*** Block opens ***
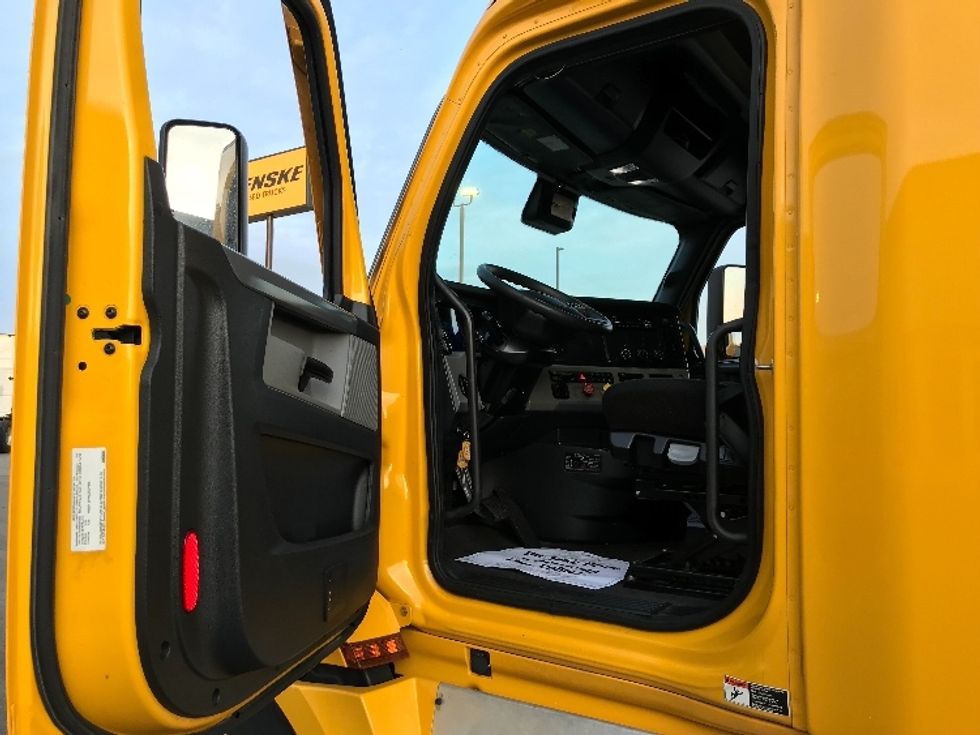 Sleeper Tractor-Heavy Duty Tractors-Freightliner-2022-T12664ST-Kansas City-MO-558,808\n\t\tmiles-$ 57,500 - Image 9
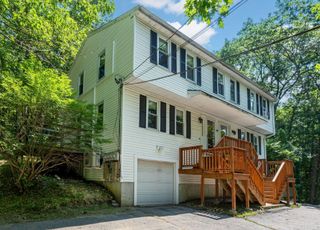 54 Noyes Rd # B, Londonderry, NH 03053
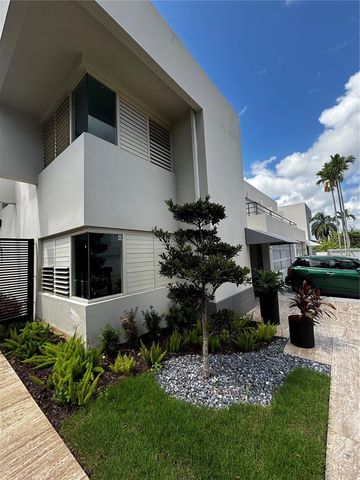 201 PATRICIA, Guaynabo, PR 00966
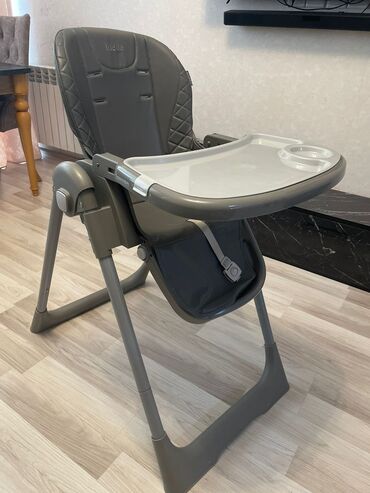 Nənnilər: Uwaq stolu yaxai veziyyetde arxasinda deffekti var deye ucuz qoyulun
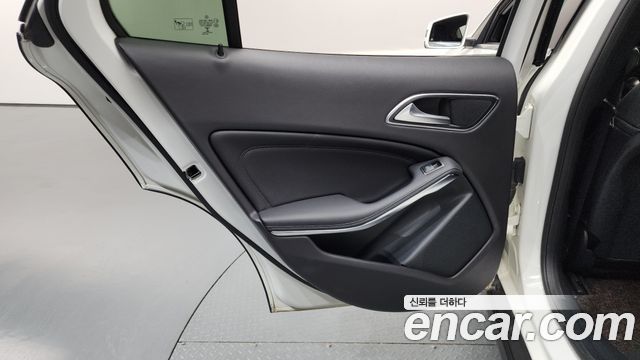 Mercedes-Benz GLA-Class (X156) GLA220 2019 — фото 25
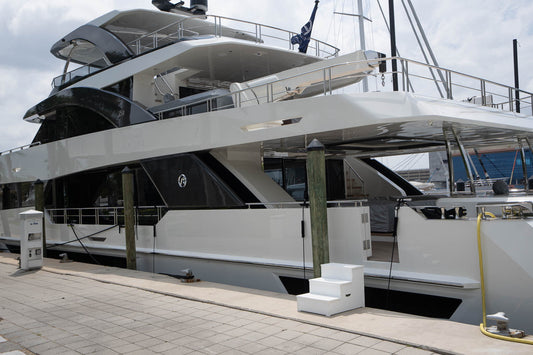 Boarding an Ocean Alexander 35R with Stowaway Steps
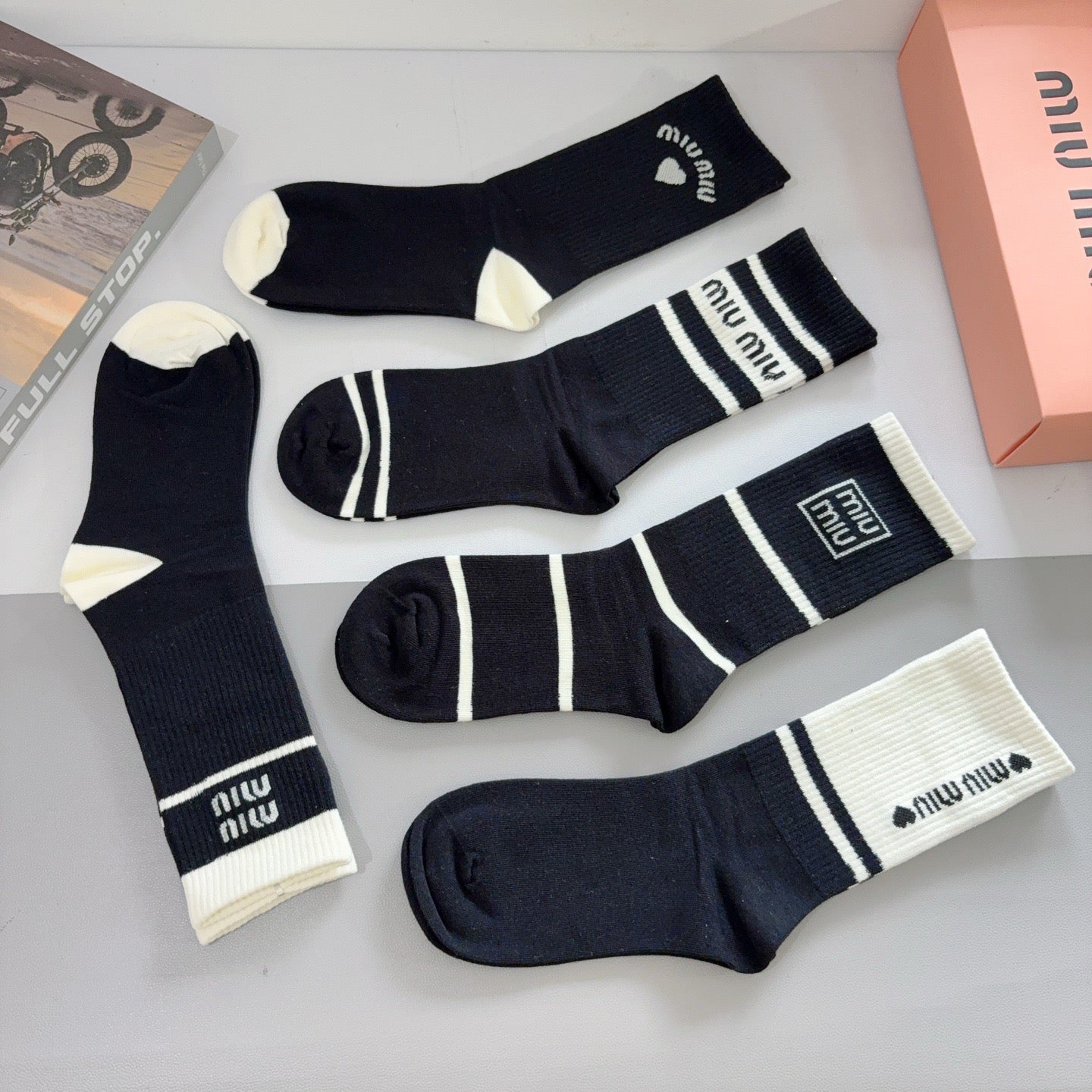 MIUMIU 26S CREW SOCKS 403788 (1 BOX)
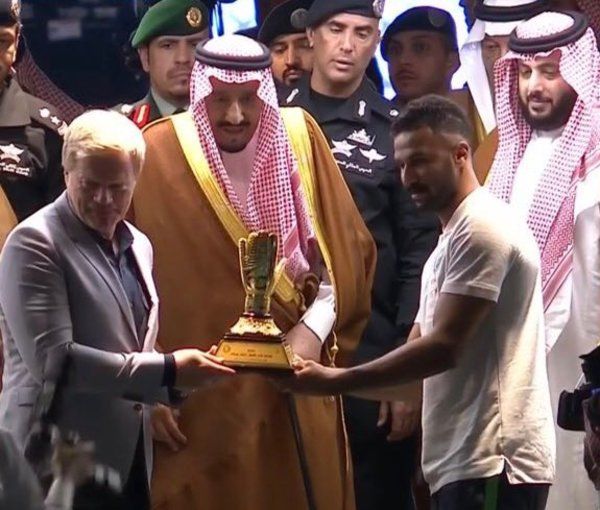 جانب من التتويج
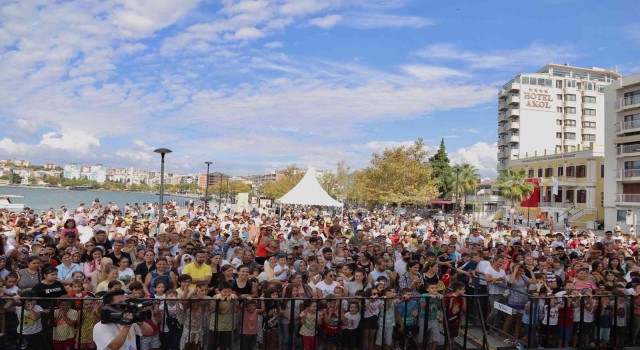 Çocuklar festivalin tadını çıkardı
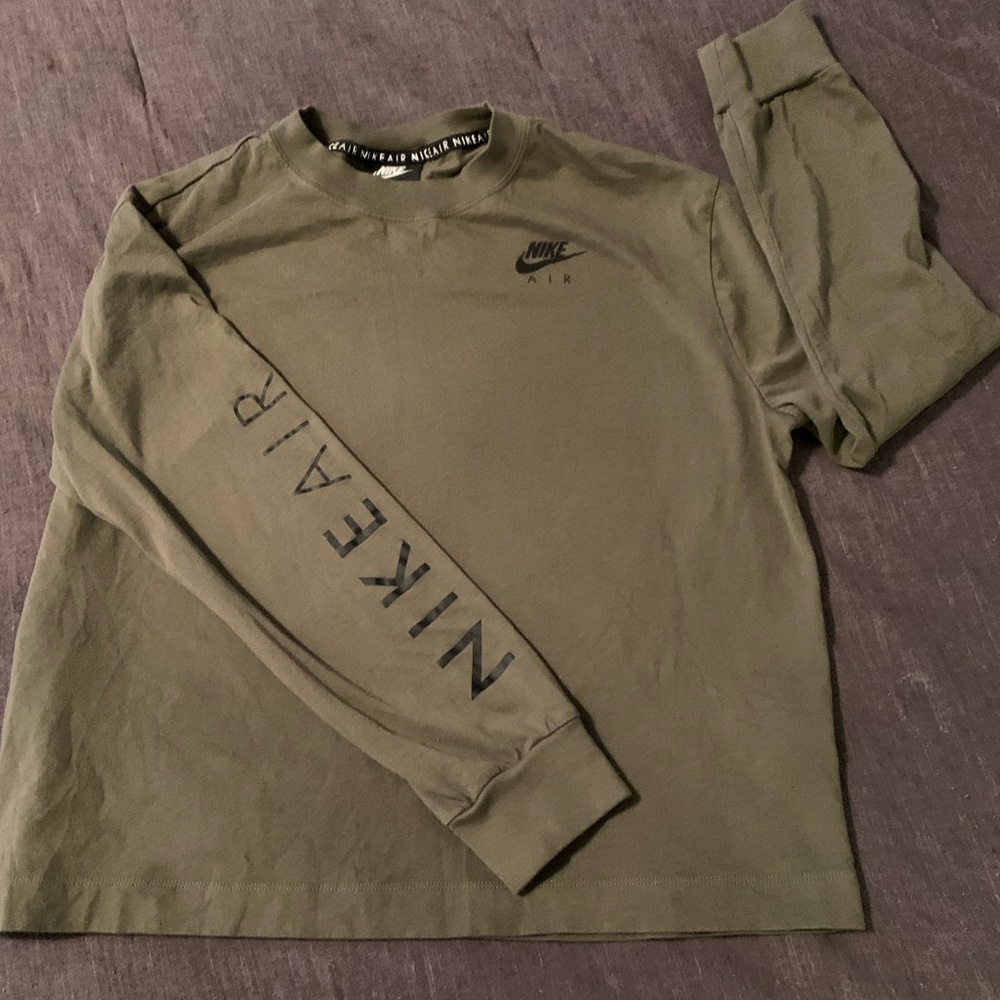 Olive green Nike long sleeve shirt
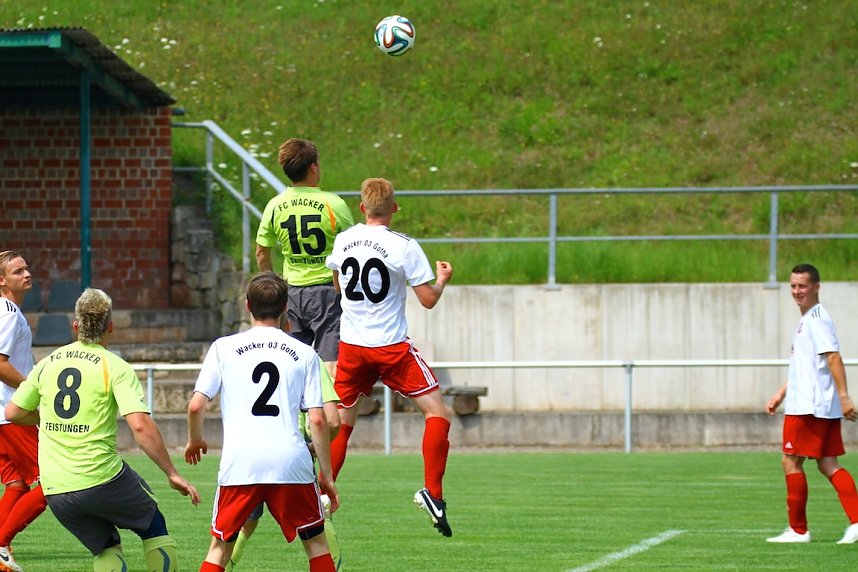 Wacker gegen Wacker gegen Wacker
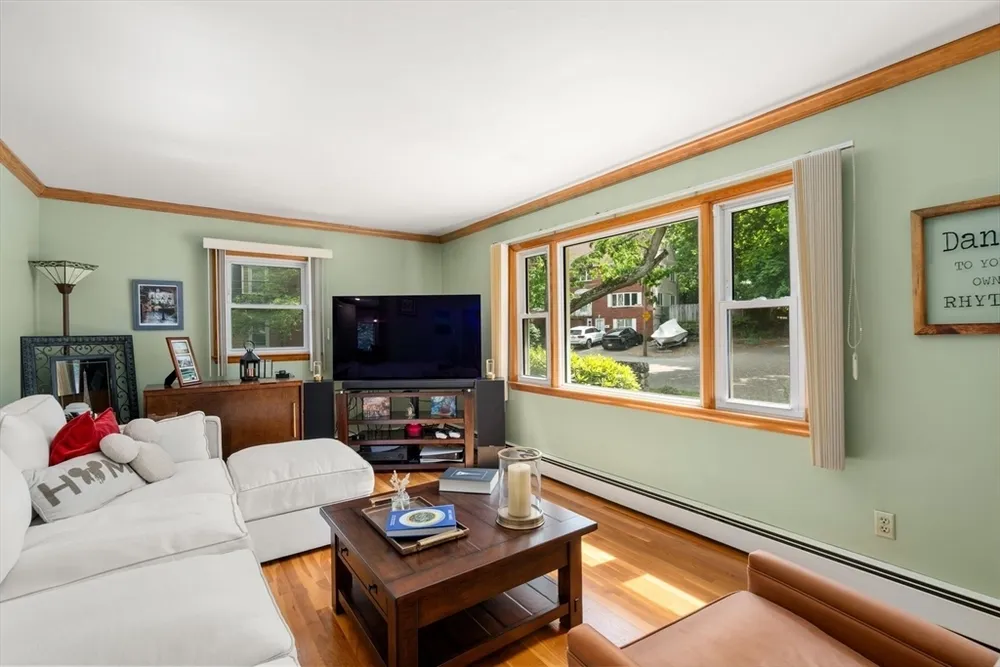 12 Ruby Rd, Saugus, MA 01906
*** Block closes ***
● **What you have to do**:
I would like the material repeated in full and exactly, with its images omitted.

● **Reply**:
 Sleeper Tractor-Heavy Duty Tractors-Freightliner-2022-T12664ST-Kansas City-MO-558,808\n\t\tmiles-$ 57,500 - Image 9
 54 Noyes Rd # B, Londonderry, NH 03053
 201 PATRICIA, Guaynabo, PR 00966
 Nənnilər: Uwaq stolu yaxai veziyyetde arxasinda deffekti var deye ucuz qoyulun
 Mercedes-Benz GLA-Class (X156) GLA220 2019 — фото 25
 Boarding an Ocean Alexander 35R with Stowaway Steps
 MIUMIU 26S CREW SOCKS 403788 (1 BOX)
 جانب من التتويج
 Çocuklar festivalin tadını çıkardı
 Olive green Nike long sleeve shirt
 Wacker gegen Wacker gegen Wacker
 12 Ruby Rd, Saugus, MA 01906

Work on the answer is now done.